Image-text web data
■ ■ ■ ■ ■

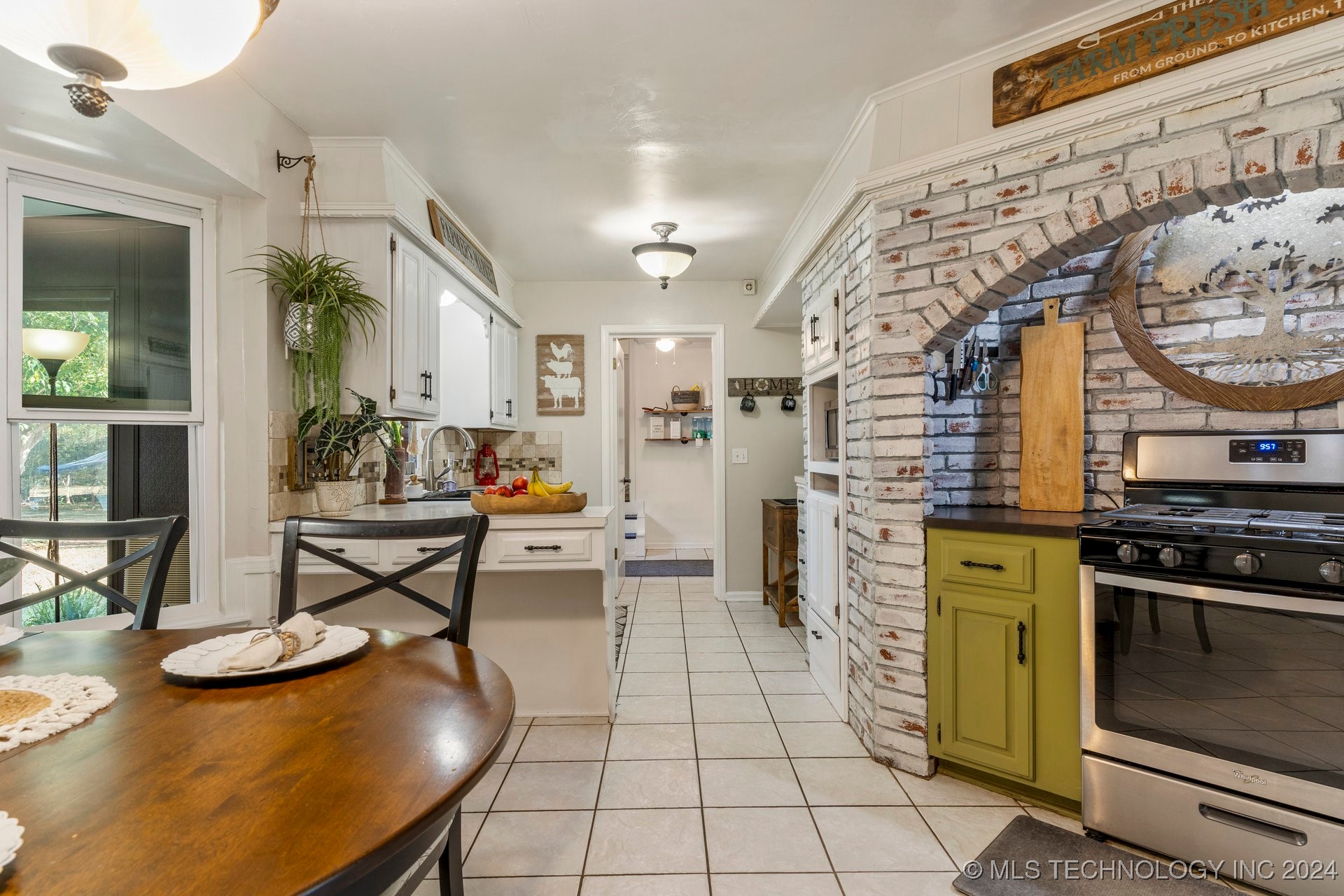 6401 S 221st East Avenue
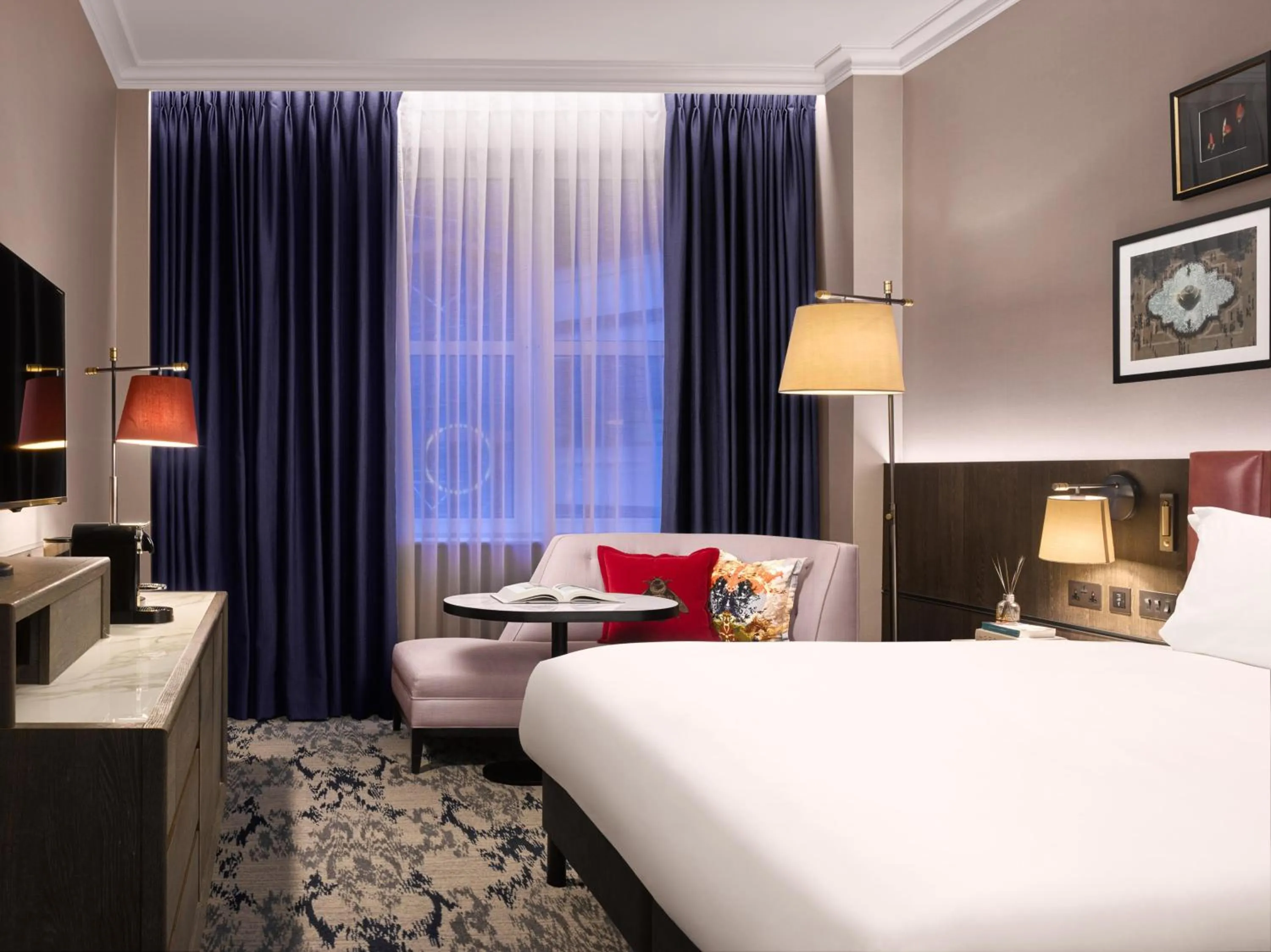 Bed in The Trafalgar St. James, London Curio collection by Hilton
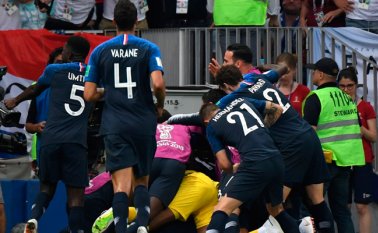 Celebran los franceses. AFP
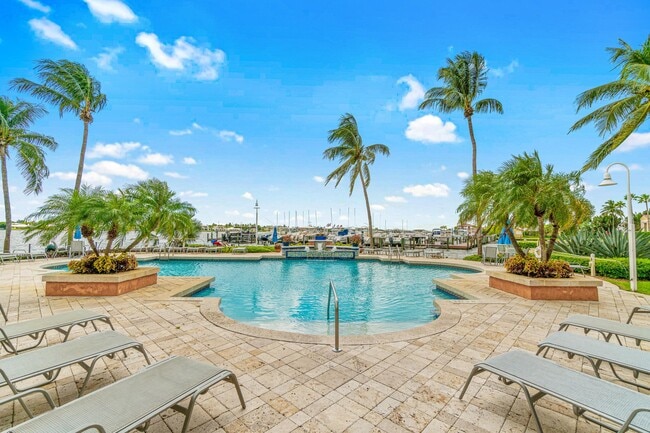Building Photo - 127 Yacht Club Way
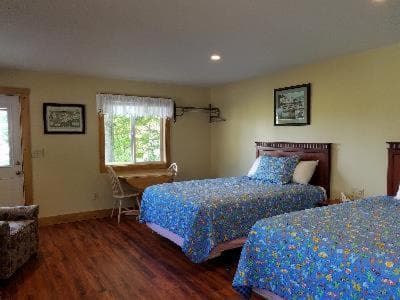 Grand View Resort gallery photo in Weirs Beach, NH — image 97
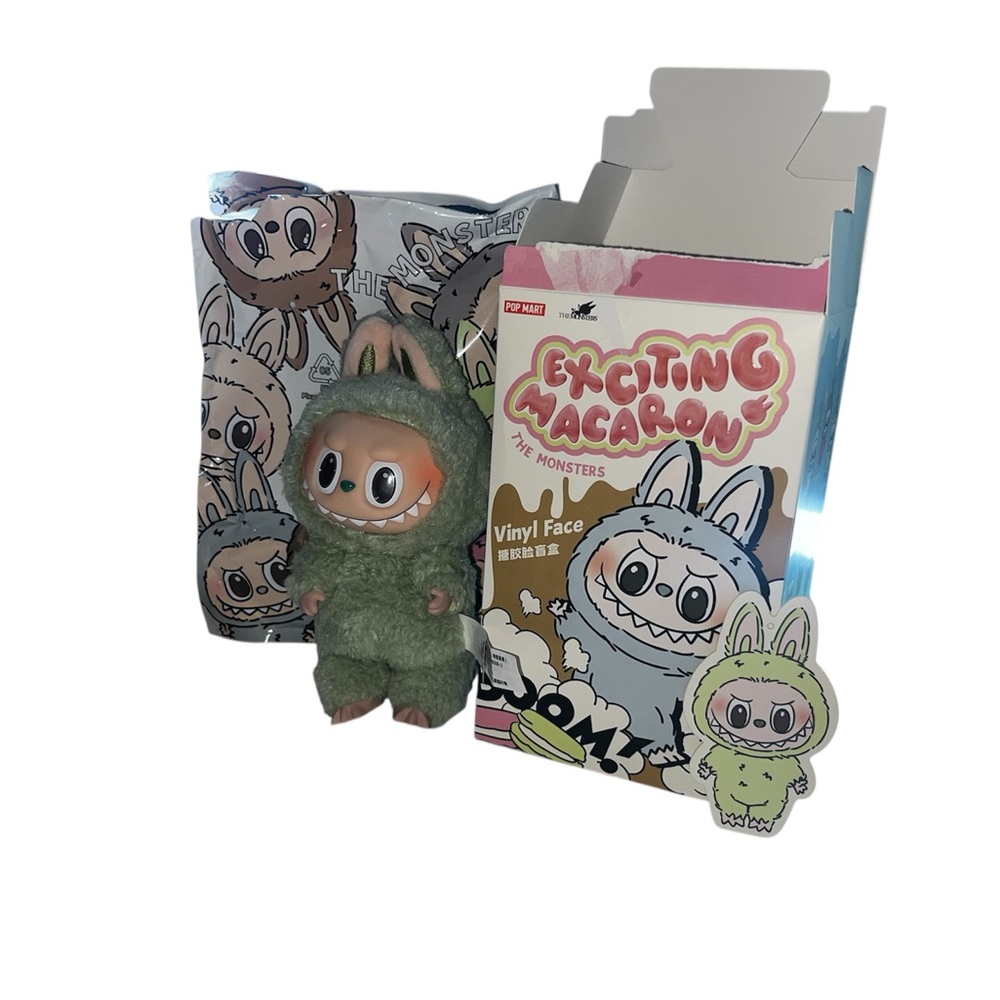 Exciting Macarons Vinyl Face Figure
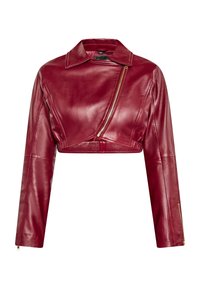 Giacca cropped in pelle rossa con colletto, zip frontale asimmetrica e maniche lunghe con polsini zippati. Texture liscia, design elegante.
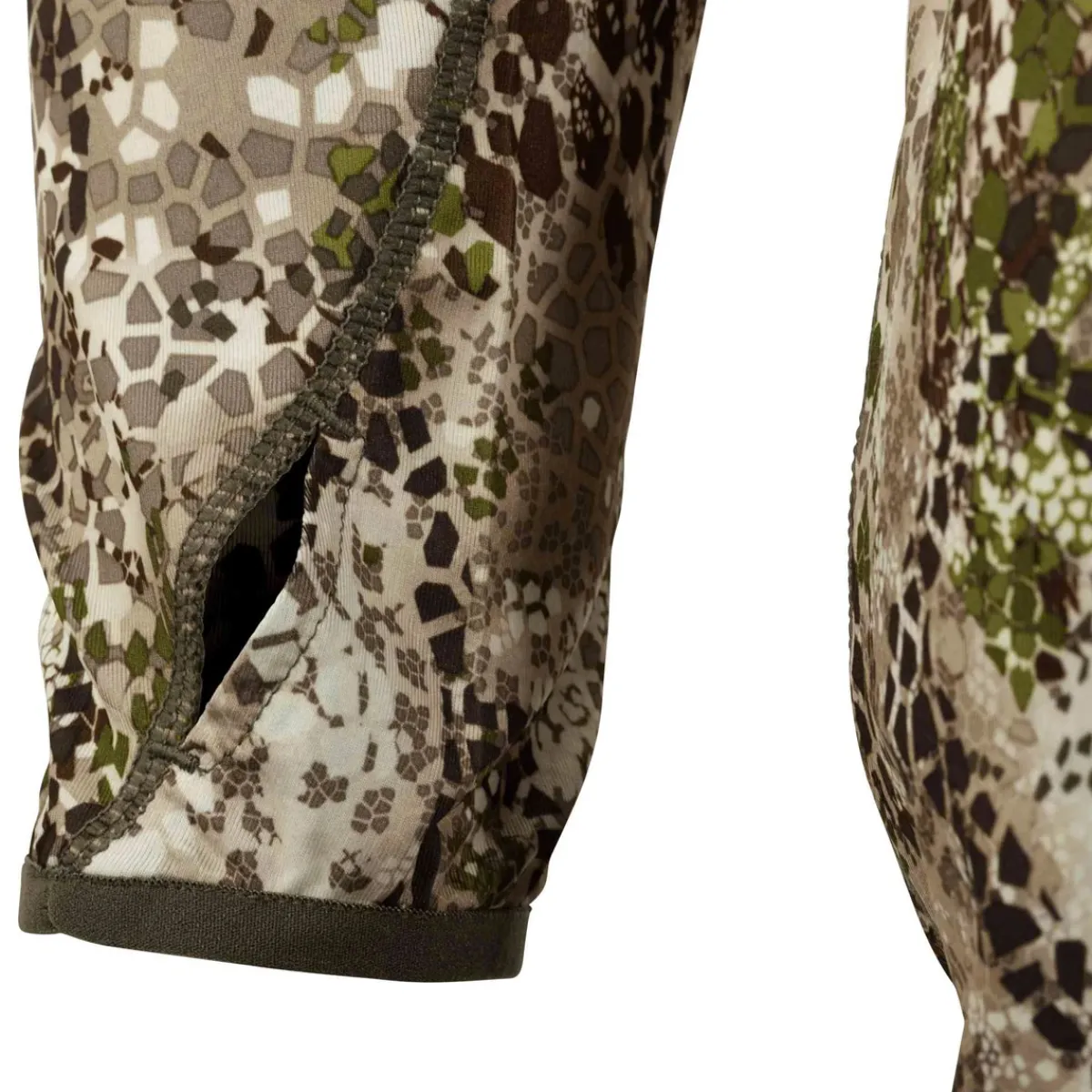 Badlands Shirts And Sweaters|Vests And Accessories<Men's Stealth Cooltouch Hoodie Camo GT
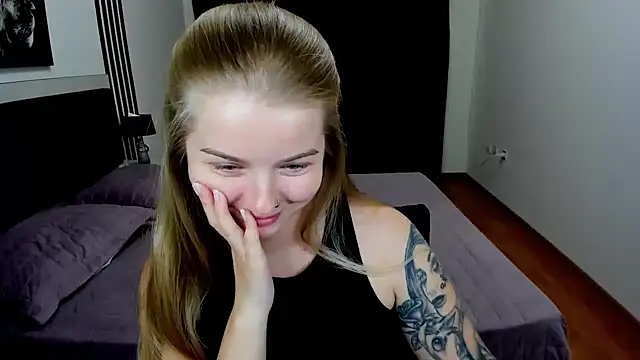 Chatroom XXX en direct de SirenaDoll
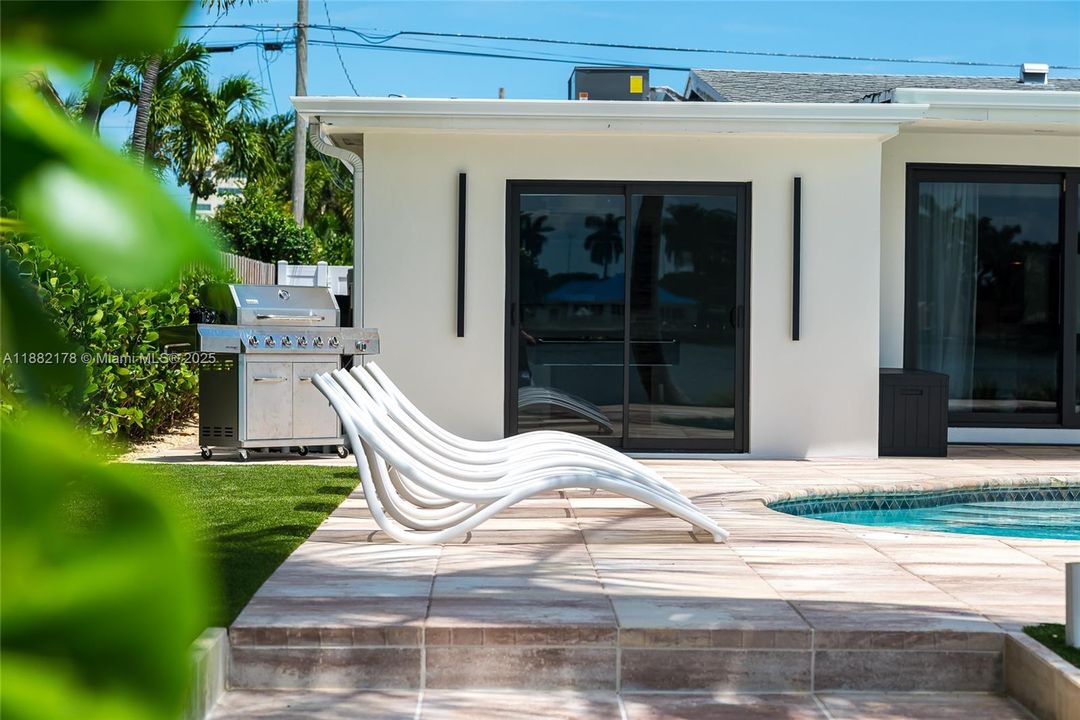 出租: $15,000 (4 贝兹, 3 浴室, 2159 平方英尺)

■ ■ ■ ■ ■

*Task objective:*
Leaving out the pictures, return the records exactly as given.

*Solution to this problem:*
 6401 S 221st East Avenue
 Bed in The Trafalgar St. James, London Curio collection by Hilton
 Celebran los franceses. AFP
Building Photo - 127 Yacht Club Way
 Grand View Resort gallery photo in Weirs Beach, NH — image 97
 Exciting Macarons Vinyl Face Figure
 Giacca cropped in pelle rossa con colletto, zip frontale asimmetrica e maniche lunghe con polsini zippati. Texture liscia, design elegante.
 Badlands Shirts And Sweaters|Vests And Accessories<Men's Stealth Cooltouch Hoodie Camo GT
 Chatroom XXX en direct de SirenaDoll
 出租: $15,000 (4 贝兹, 3 浴室, 2159 平方英尺)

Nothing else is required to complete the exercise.